• EXERCISE AIM:
Would you output all the lines below precisely as they stand, leaving each picture out?

• RAW DATA:
-*-

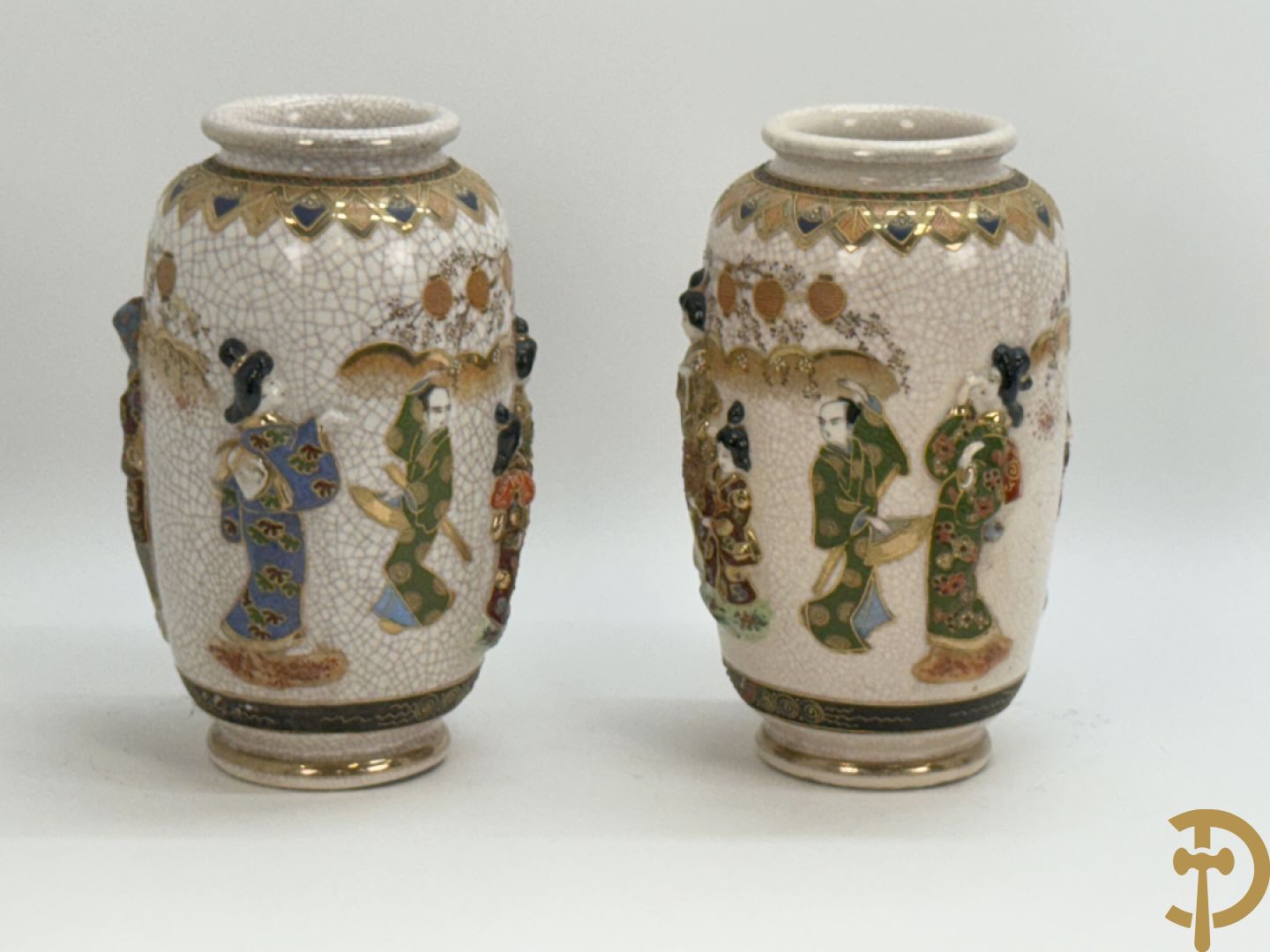 Paar Japanse Satsumat vazen met basrelief decor van gheisha
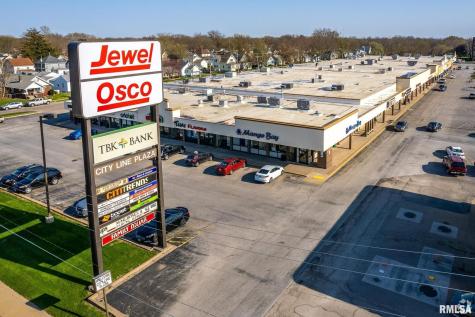 1998 1ST Street Moline IL 61265
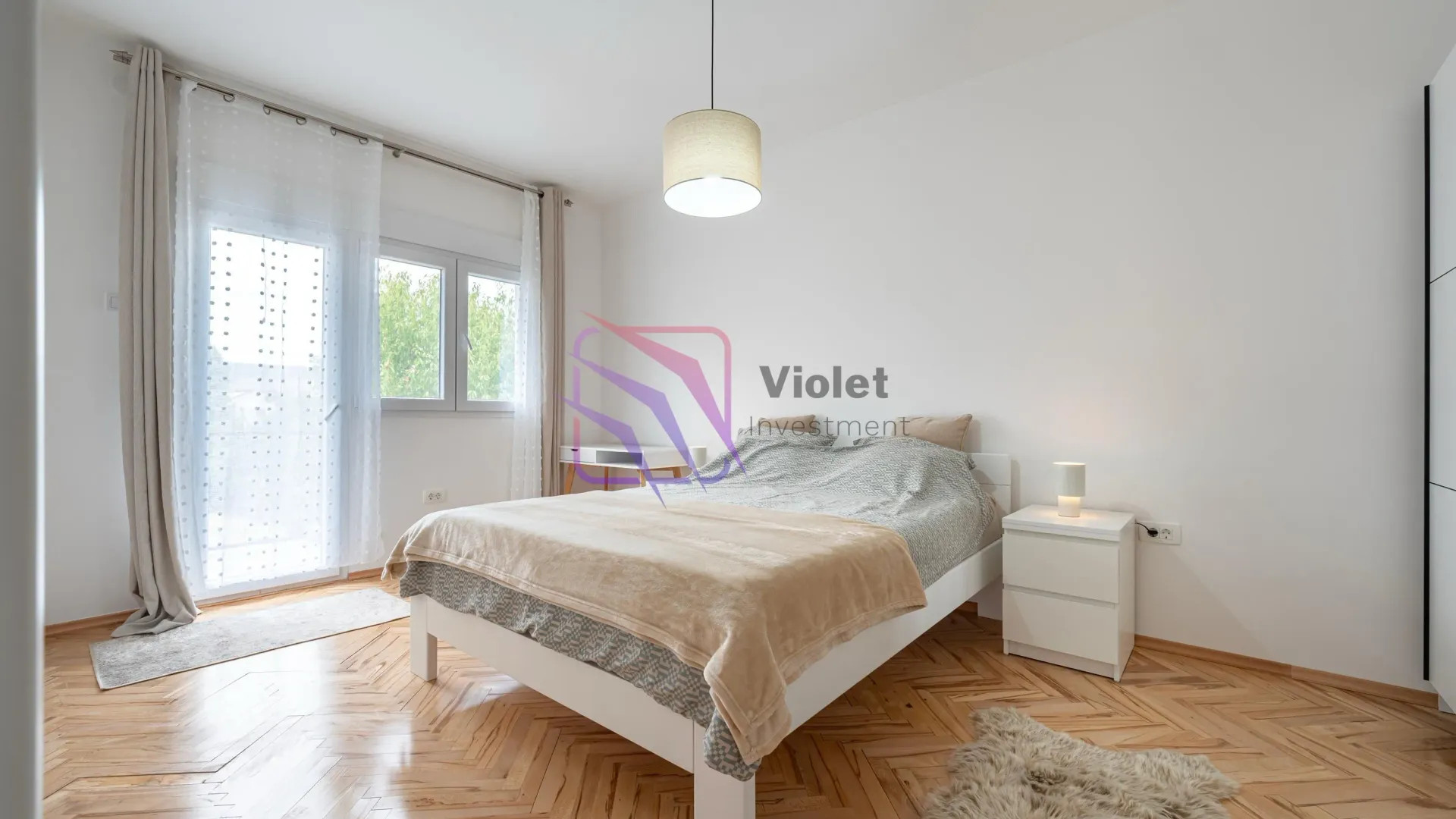 Izdavanje, trosoban stan, 100m², Dalmatinska ulica, Podgorica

-*-

• ANSWER SPACE:
 Paar Japanse Satsumat vazen met basrelief decor van gheisha
 1998 1ST Street Moline IL 61265
 Izdavanje, trosoban stan, 100m², Dalmatinska ulica, Podgorica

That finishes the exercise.